If the database had to know the schema of the JSON it would make no sense to have it in the first place. Just use deeper types.

Also,

should be:

addFoo(input: [{name: "fst", bar: "{\"baz\": 1}"}])

escaping input like that in pure GraphQL is a pain. My practice is to use template literals in my JS and send it as a var to GraphQL. The point made though was that the input must be a String.

1 Like

fixed thanks

For context to this conversation, I made myself rules for when I allow myself to use JSON in Dgraph.

  • When I will ALWAYS want the complete JSON at once. If there are any use cases where I only will want a part of the JSON doc, then JSON is not the correct type.
  • When I will ALWAYS update the complete JSON at once. (This is a limitation of just how it is right now. With JSON functions, this point is void.) To update a JSON doc I must read the JSON make the changes client side and return the whole JSON. If the use case has lots of small updates to the JSON doc that does not effect the JSON doc as a whole, then JSON is not the right type.
  • When I will NEVER need to search for information within the JSON doc. (I understand it is possible, but it could very easily lead to false positive. If a JSON doc holds an object with two properties and I want to search within one of those properties only I could not.) If I ever need to data inside of the JSON as searchable text, then JSON is not the right type.

I wrote these rules for myself to prevent future problems that I had in the past with JSON in MySQL. It can be powerful, but it can also have severe limitations if used incorrectly.


Here is a repo for reference that supports a JSON GraphQL, graphql-scalars, and quite a few other types which users could find helpful.

Also if we had a JSON type then GraphQL could support later on features such as @recurse that right now even mapping to a DQL function requires a user to define the GraphQL document for the entire structure that is wanted. It would remove a bunch of error handling as then the sugraph types would not be checked any deeper than the JSON type, but even with this, users may still find it useful and a very valuable feature to merge another feature from DQL into GraphQL.

I’d also like to express demand for a JSON scalar. Basic syntax checking would help a lot.

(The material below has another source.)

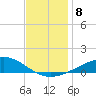 Grand Bay tide chart for Monday, December 8, 2025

I disagree, as JSON could become very big and could have high depths. Implementing such large JSONs in GQL has disadvantages:

  • you have to specify everything in your query (you retrieve only what you specify)
  • It surely will have performance impacts on dgraph when the tree is large, no?

So I think that having some kind of JSON schema validation built in could be very useful as it disallows clients to push invalid JSON. Also, queries and mutations don’t have to traverse the graph and would be just a single key-value lookup.

Of course you could just do the validation on your client whenever you query such fields. But this is another thing you need to remember, potentially over a large diversity of clients.

Proposition:
Add a @json directive

directive @json(schema: String) on FIELD_DEFINITION

type Foo {
  complex: String! @json(schema: "file://schema.json") # loads schema from URI. Spec: https://json-schema.org/
}

type Bar {
   comples: String! @json # only checks JSON syntax
}

So the first example would fetch a json-schema (following the specs from https://json-schema.org/) from a URI (from filesystem or remote).

When someone mutates or queries these types, the first example would check the content against the schema while the second example would just check if its valid json syntax.

It would still return as a String in any query (complying with GQL-spec). But clients can be sure that they used/retrieved the correct JSON.